§ AIM OF THE TASK: Return all lines of the data in which the string "style" occurs.

§ DATA FOR THIS EXERCISE:
----------------
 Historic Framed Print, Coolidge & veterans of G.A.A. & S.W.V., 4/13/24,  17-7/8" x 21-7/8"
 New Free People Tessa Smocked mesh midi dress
----------------
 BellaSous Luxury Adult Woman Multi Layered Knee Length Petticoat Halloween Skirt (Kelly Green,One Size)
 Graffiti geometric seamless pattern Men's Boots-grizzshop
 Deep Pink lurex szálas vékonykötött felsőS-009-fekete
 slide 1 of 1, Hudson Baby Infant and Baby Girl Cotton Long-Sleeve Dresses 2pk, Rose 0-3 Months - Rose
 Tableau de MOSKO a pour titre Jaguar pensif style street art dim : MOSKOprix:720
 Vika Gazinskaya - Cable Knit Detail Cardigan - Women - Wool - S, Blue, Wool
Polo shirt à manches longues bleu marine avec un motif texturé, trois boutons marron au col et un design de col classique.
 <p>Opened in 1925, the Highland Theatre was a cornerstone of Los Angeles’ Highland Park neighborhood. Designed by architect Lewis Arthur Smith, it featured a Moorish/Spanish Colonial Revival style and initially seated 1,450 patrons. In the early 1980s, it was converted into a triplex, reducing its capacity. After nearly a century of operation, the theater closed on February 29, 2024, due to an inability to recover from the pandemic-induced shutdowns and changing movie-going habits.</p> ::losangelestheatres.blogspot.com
----------------
§ ANSWER TO THIS PROBLEM:
 Tableau de MOSKO a pour titre Jaguar pensif style street art dim : MOSKOprix:720
 <p>Opened in 1925, the Highland Theatre was a cornerstone of Los Angeles’ Highland Park neighborhood. Designed by architect Lewis Arthur Smith, it featured a Moorish/Spanish Colonial Revival style and initially seated 1,450 patrons. In the early 1980s, it was converted into a triplex, reducing its capacity. After nearly a century of operation, the theater closed on February 29, 2024, due to an inability to recover from the pandemic-induced shutdowns and changing movie-going habits.</p> ::losangelestheatres.blogspot.com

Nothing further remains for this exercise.